DATA EXTRACT: Begin

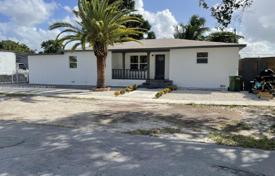 Townhome – Hialeah, Florida, USA for $700,000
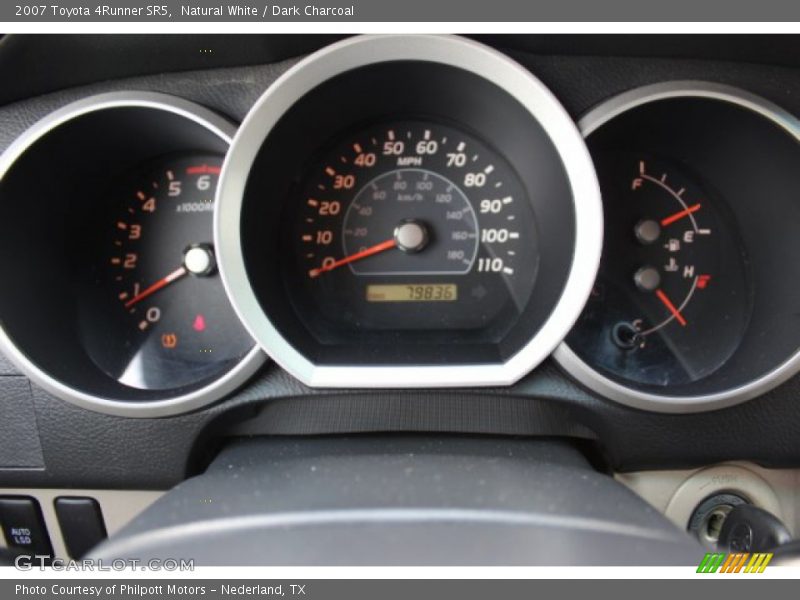 Natural White / Dark Charcoal 2007 Toyota 4Runner SR5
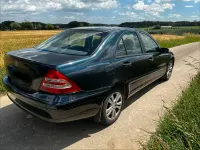 Gebraucht Mercedes C180 129 PS (94 kW) 2000 Blau Limousine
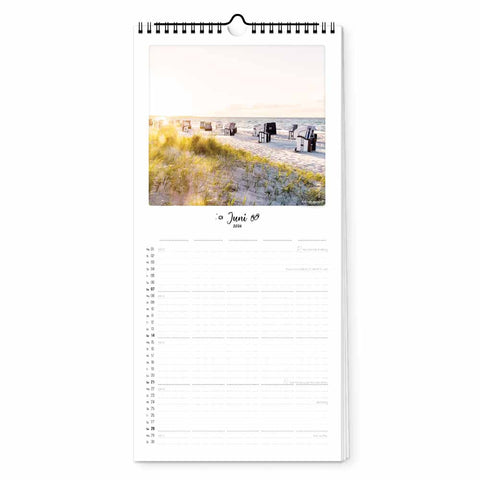 Der Pickmotion Küste & Meer - Familienplaner (Format 20x42) Wandkalender öffnet im Juni mit einer ruhigen Strandszene - ideal als Kalender 2024 oder Familienplaner und perfekt für Fans der Küstenfotografie.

DATA EXTRACT: End

**TASK OBJECTIVE:**
Reproduce the listing above from the line that contains "Natural White /" through its final line, exactly and with nothing added. Omit the images.

**EXPECTED ANSWER:**
 Natural White / Dark Charcoal 2007 Toyota 4Runner SR5
 Gebraucht Mercedes C180 129 PS (94 kW) 2000 Blau Limousine
 Der Pickmotion Küste & Meer - Familienplaner (Format 20x42) Wandkalender öffnet im Juni mit einer ruhigen Strandszene - ideal als Kalender 2024 oder Familienplaner und perfekt für Fans der Küstenfotografie.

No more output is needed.